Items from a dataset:
--- START ---
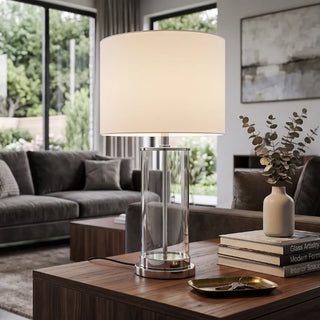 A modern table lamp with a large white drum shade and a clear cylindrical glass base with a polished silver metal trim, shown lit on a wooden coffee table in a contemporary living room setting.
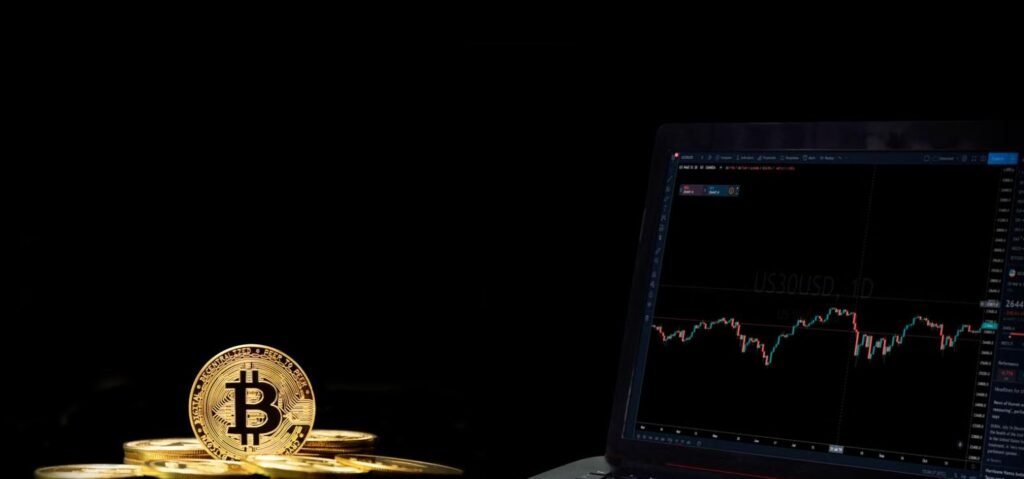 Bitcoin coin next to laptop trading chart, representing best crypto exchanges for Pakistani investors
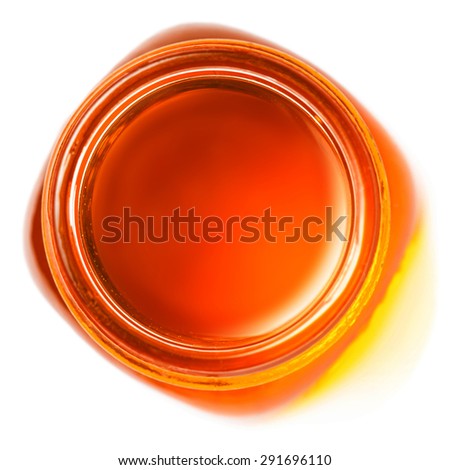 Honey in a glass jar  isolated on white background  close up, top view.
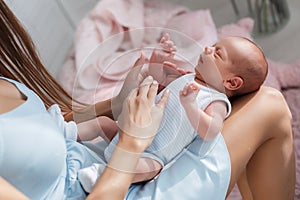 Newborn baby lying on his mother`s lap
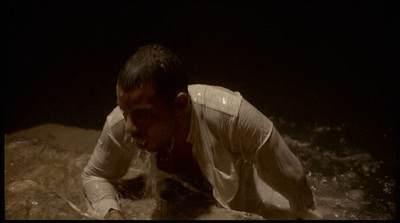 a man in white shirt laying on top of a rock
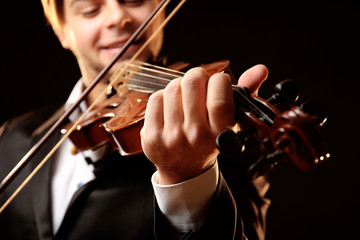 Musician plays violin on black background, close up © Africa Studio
--- END ---
Task item:
For this exercise, the lines from the one containing "Honey in a glass" through the last line of the entries above are to be output exactly, both included, and pictures are skipped.

Output:
 Honey in a glass jar  isolated on white background  close up, top view.
 Newborn baby lying on his mother`s lap
 a man in white shirt laying on top of a rock
 Musician plays violin on black background, close up © Africa Studio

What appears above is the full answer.